Zurück zum neunjährigen Gymnasium und weg vom G8? Jugend- und Schulforscher Klaus Hurrelmann glaubt, dass einige Bundesländer auf dem Weg dahin sind. In der "Süddeutschen Zeitung" kritisiert er das als "Aktionismus". Zwar habe das achtjährige Gymnasium seine Schwächen. Aber man solle erst einmal abwarten, wie es sich nach den Anfangsproblemen in den ersten drei Jahren entwickle. Verbesserungsmöglichkeiten gebe es zum Beispiel beim Tagesablauf - hier sollten die Möglichkeiten der Ganztagsschule mit Lern- und Erholungsphasen genutzt werden.

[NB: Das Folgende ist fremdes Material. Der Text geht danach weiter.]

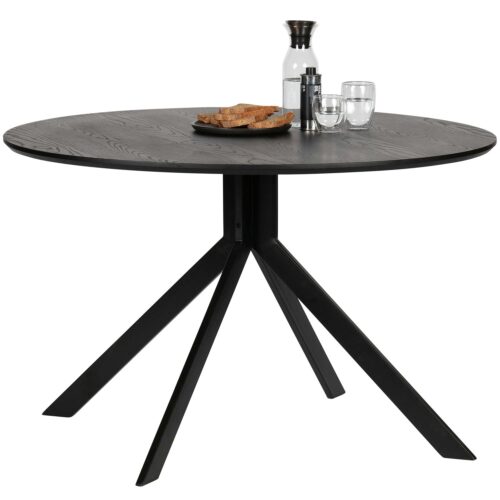 Ronde Eettafel Bruno 120cm, kleur Zwart - Afbeelding 4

Hurrelmann meint auch, es sei kein pädagogisches Konzept, den Schülern einfach wieder nur ein Jahr mehr Zeit zu geben. Im alten System habe das vor allem in der 11. Klasse zu viel Leerlauf geführt.

Quelle: DRadio Wissen Lizenz: Creative Commons Licence: Namensnennung, keine kommerzielle Nutzung, keine Bearbeitung (BY-NC-CD)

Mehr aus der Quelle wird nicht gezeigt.